_Required work:_ Beginning with the line containing "Post Malone stunts", write out each line exactly through the end of the listing, and skip all pictures.

(Supplied material Opens)

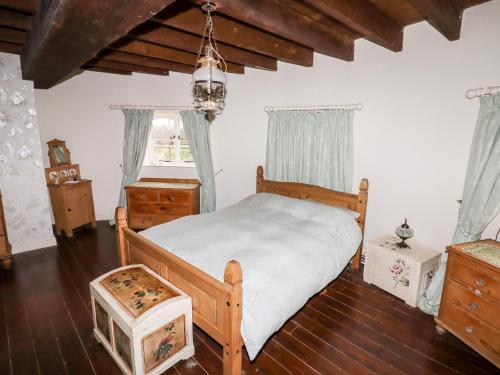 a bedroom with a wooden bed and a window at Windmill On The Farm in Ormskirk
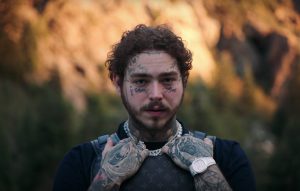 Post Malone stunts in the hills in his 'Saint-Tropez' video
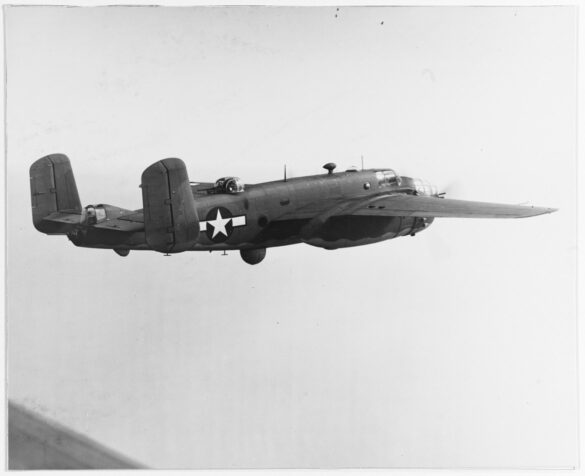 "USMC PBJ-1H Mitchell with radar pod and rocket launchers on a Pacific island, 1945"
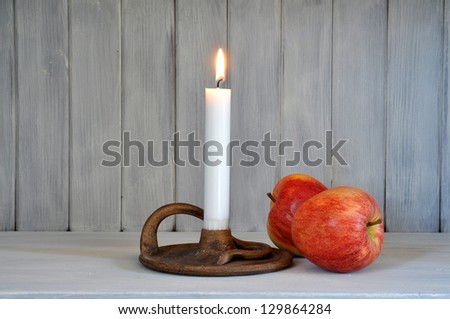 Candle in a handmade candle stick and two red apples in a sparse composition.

(Supplied material Closes)

_Answer space:_
 Post Malone stunts in the hills in his 'Saint-Tropez' video
 "USMC PBJ-1H Mitchell with radar pod and rocket launchers on a Pacific island, 1945"
 Candle in a handmade candle stick and two red apples in a sparse composition.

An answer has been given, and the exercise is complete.